Since the start of this year, CVAC suffered a catastrophic loss of almost 77%. Even worse, nearer-term momentum implies the pain has yet to abate, with CVAC incurring a 21% loss in the trailing month.
On the financial spectrum as well, CureVac could use some help. In Q2 2022, the company posted revenue of $21.3 million, down 21% from the year-ago quarter. Additionally, CureVac posted a net loss of $60.9 million in the most recent quarter.
However, the development and distribution of mRNA COVID vaccines should theoretically bolster underlying biotech stocks in the long run due to proven viability. Therefore, risk-tolerant investors may want to consider CVAC.
Will CureVac Stock Go Up?
Turning to Wall Street, CVAC stock has a Moderate Buy consensus rating based on two Buys assigned in the past three months. The average CVAC price target is $37, implying 369.50% upside potential.
Arcturus Therapeutics (ARCT)
A global late-stage clinical mRNA medicines and vaccines company, Arcturus Therapeutics represents a bold bet on the future of advanced medical technologies. As with CureVac, Arcturus features proprietary technologies along with key partnerships with the broader aim to deliver innovative therapeutic solutions.
Currently, Arcturus is developing a COVID-19 vaccine specifically geared toward the omicron variant. As well, the biotech firm seeks solutions for long-term diseases and conditions. For example, Arcturus is collaborating with the Cystic Fibrosis Foundation to develop mRNA-based medicine to treat cystic fibrosis.

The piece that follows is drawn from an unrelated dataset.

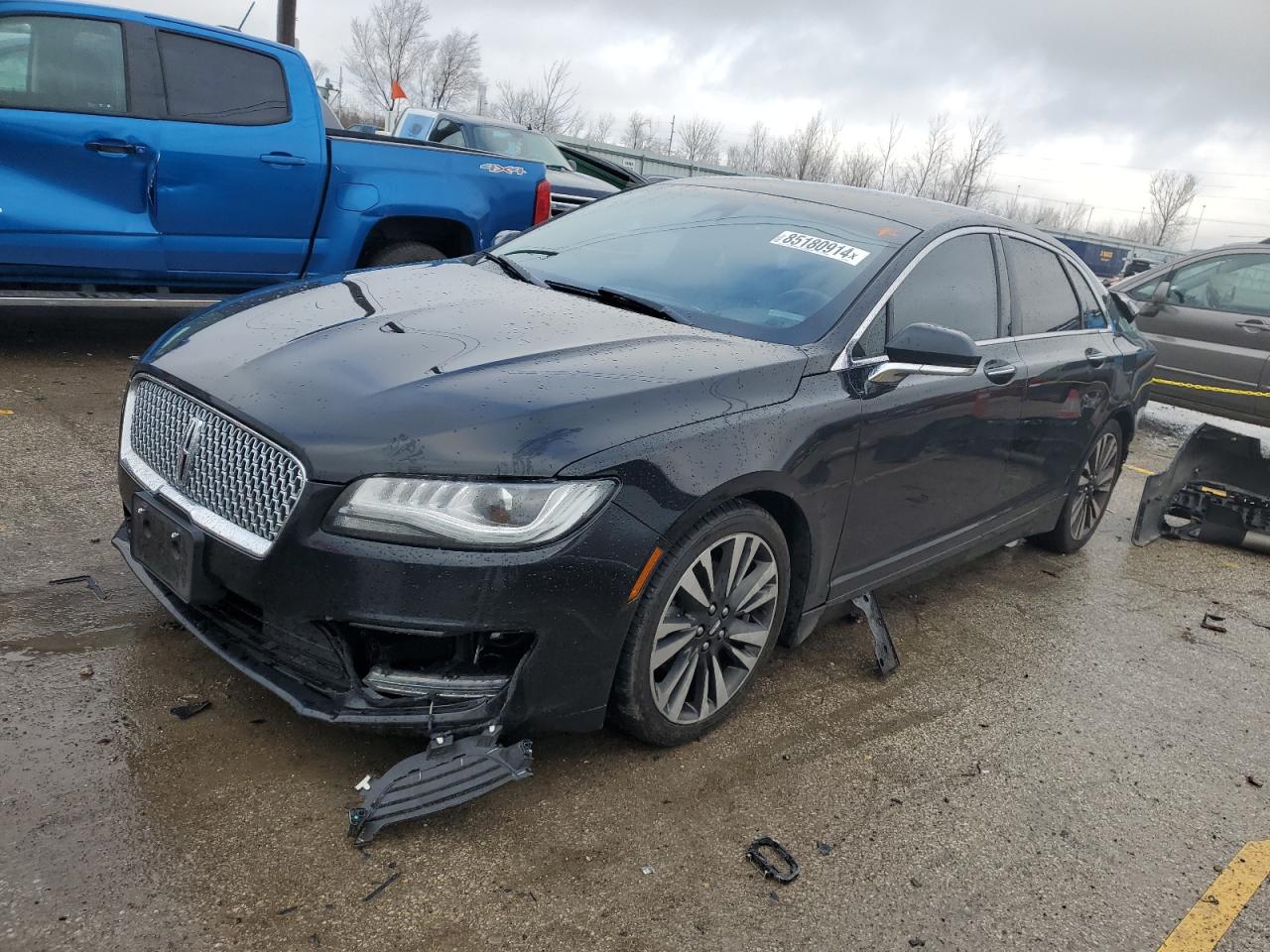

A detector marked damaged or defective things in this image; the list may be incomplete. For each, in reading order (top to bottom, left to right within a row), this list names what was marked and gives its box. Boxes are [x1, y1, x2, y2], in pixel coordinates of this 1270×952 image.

Nevertheless, prospective buyers of ARCT must be prepared for a potentially choppy ride, even stacked against higher-risk biotech stocks to buy. Shares are down roughly 58% year-to-date, reflecting tremendous volatility. However, Arcturus posted revenue of $27 million in Q2 2022, significantly outpacing the $2 million posted in the year-ago quarter.

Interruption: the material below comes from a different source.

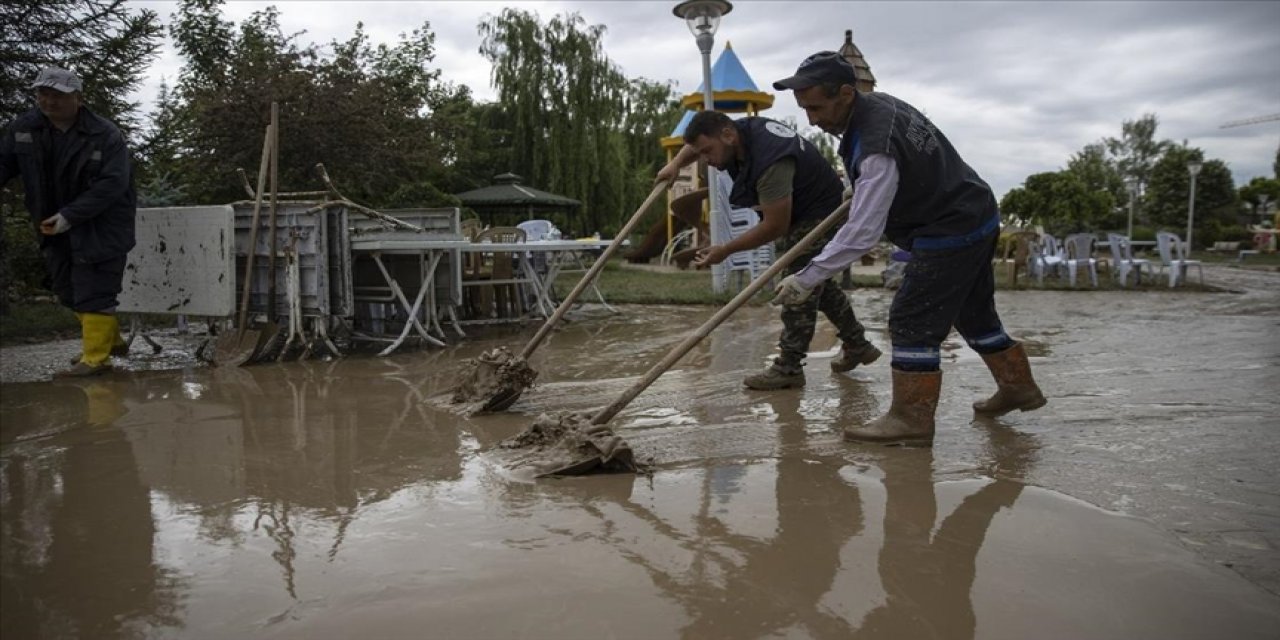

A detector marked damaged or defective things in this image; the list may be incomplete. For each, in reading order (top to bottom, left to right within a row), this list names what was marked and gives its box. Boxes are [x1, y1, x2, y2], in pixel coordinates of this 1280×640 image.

Should investors have the patience and long-term outlook, ARCT could be intriguing as RNA-related biotech stocks rise on the success of the COVID-19 vaccine.
Is ARCT a Good Stock to Buy?
Turning to Wall Street, ARCT stock has a Hold consensus rating based on three Buys, three Holds, and two Sells assigned in the past three months. The average ARCT price target is $40.86, implying 175.71% upside potential.

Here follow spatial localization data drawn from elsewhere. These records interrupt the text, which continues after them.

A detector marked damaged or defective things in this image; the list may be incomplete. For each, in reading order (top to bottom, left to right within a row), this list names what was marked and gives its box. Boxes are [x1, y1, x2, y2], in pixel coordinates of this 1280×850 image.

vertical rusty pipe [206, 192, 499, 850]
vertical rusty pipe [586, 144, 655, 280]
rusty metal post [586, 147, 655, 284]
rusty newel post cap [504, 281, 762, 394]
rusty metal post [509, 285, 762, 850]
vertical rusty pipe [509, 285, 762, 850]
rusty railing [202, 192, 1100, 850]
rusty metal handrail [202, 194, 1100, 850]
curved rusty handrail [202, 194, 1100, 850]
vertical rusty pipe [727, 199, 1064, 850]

BNTX, CVAC, ARCT: Higher-Risk Stocks with Potentially Bright Futures
To be 100% clear, the above biotech stocks involve substantial risks. While not completely aspirational, these underlying companies feature an ambition that may not pan out. At the same time, the development and ultimate approval of mRNA vaccines bode very well for the future of therapeutics. Therefore, investors who have some funds earmarked for speculation may want to consider the above market ideas.